Beginning with the line that contains "Chuyên Cung Cấp", reproduce every line through the end of the records below exactly, and leave the pictures out.
---------------
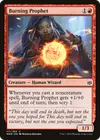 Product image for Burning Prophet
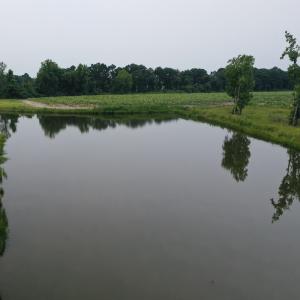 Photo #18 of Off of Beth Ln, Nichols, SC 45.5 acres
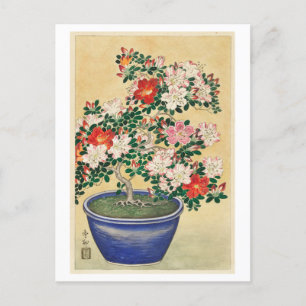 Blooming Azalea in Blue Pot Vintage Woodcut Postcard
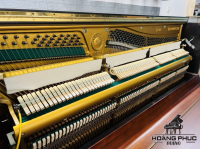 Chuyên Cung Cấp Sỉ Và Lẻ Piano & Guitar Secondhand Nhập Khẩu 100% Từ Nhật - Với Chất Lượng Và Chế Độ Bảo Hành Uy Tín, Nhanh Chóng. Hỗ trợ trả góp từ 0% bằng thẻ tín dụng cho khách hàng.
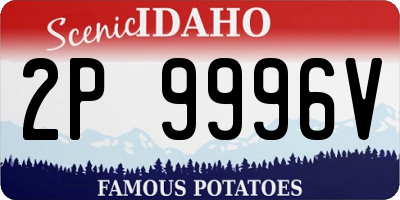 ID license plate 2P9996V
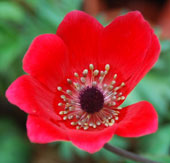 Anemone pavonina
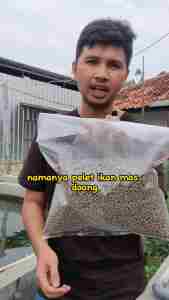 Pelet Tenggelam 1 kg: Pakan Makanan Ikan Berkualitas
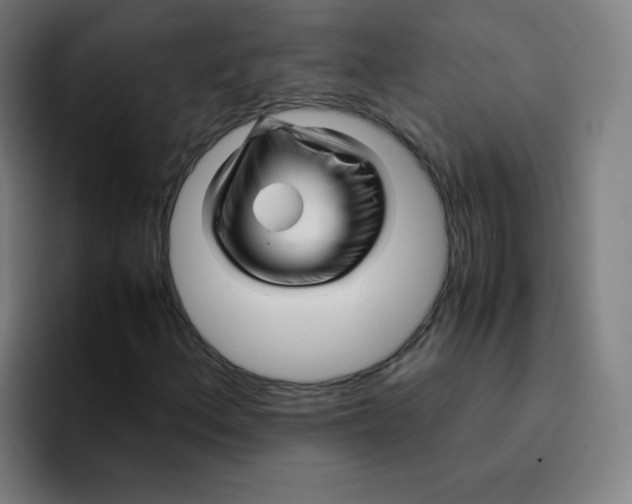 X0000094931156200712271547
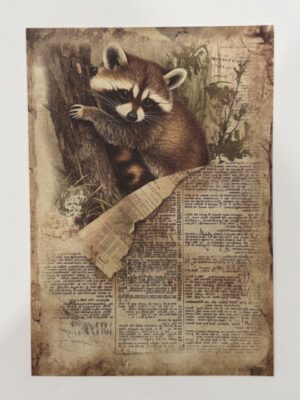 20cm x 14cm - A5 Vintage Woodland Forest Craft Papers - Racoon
---------------
## Completed exercise
 Chuyên Cung Cấp Sỉ Và Lẻ Piano & Guitar Secondhand Nhập Khẩu 100% Từ Nhật - Với Chất Lượng Và Chế Độ Bảo Hành Uy Tín, Nhanh Chóng. Hỗ trợ trả góp từ 0% bằng thẻ tín dụng cho khách hàng.
 ID license plate 2P9996V
 Anemone pavonina
 Pelet Tenggelam 1 kg: Pakan Makanan Ikan Berkualitas
 X0000094931156200712271547
 20cm x 14cm - A5 Vintage Woodland Forest Craft Papers - Racoon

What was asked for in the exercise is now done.